Home News Cosmoverse Conference 2021 kicks off in Lisbon

Cosmoverse Conference 2021 kicks off in Lisbon


The Cosmoverse Conference was broadcast live from Lisbon, Portugal, by the team behind the interoperable blockchain network Cosmos (ATOM).

Zaki Manian, co-founder of the decentralised finance, or DeFi, project Sommel and former lead developer at Cosmos and Tendermint (a fundamental contributor to the Cosmos network), kicked off the two-day event by discussing a variety of technologies in development by the Cosmos ecosystem.

According to Manian, a new feature dubbed ABCI ++ would allow for the inclusion of consensus events from other blockchains in the block generation process. Boosting the efficiency of the network’s cross-chain bridges and oracles. Next, instead of relying solely on IBC token transfers, developers may employ dynamic IBC (dIBC) capability. In order to offer governance ideas across several blockchains. Liquid staking, on the other hand, would allow users to stake their ATOM. While also obtaining a derivative of the asset that could be utilisable in DeFi applications. Finally, interchain accounts designed to aid in the development of multichain applications in which decentralised autonomous organisations, or DAOs, on one chain have direct control over accounts or wallets on another.
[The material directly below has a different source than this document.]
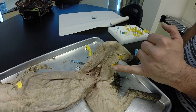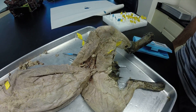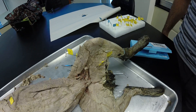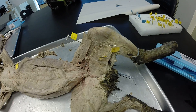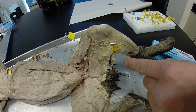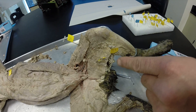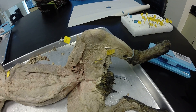What about right here? This one's our gracilis. What about this one? That one's tough to see because it's kind of covered up, but it's the very bottom one in this series of leg muscles. That's our semitendinosus.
The notion of liquidity staking

During the event, Sunny Aggarwal, co-founder of Osmosis, a Cosmos-based decentralised exchange, or DEX, expanded on the notion of liquidity staking. According to Aggarwal, coin holders will soon be able to access numerous DeFi pools with the same underlying tokens at the same time, resulting in higher payouts. Users commit their Osmosis (OSMO) tokens to create trading liquidity for the exchange, earning OSMO liquidity provider tokens. And then putting the same OSMO LP tokens back into a staking pool, he explained. As a result, coin holders may simultaneously reap the benefits of both the LP and staking pools.

Enrico Talin, co-founder of Commercio.network, claimed in another part to have constructed the world’s first legally binding blockchain. Its infrastructure keeps encrypted copies of users’ personal information, such as immunisation records, driver’s licences, passports, and so on. When asked, users might theoretically provide their electronic signature and evidence of identification over the blockchain. Such as when opening a new bank account. The verifier can then certify that the signature is real. And that a legitimate issuer to issue the papers using decentralised consensus.

However, only proofs are transferable on the blockchain, not personal data. The prospect of implementing legally enforceable nonfungible token, or NFT, contracts to certify the ownership of real-world assets was then considered by Talin. Privacy-broadcast features, IBC, and legal document NFTs will all be accessible on Commercio.network later this year.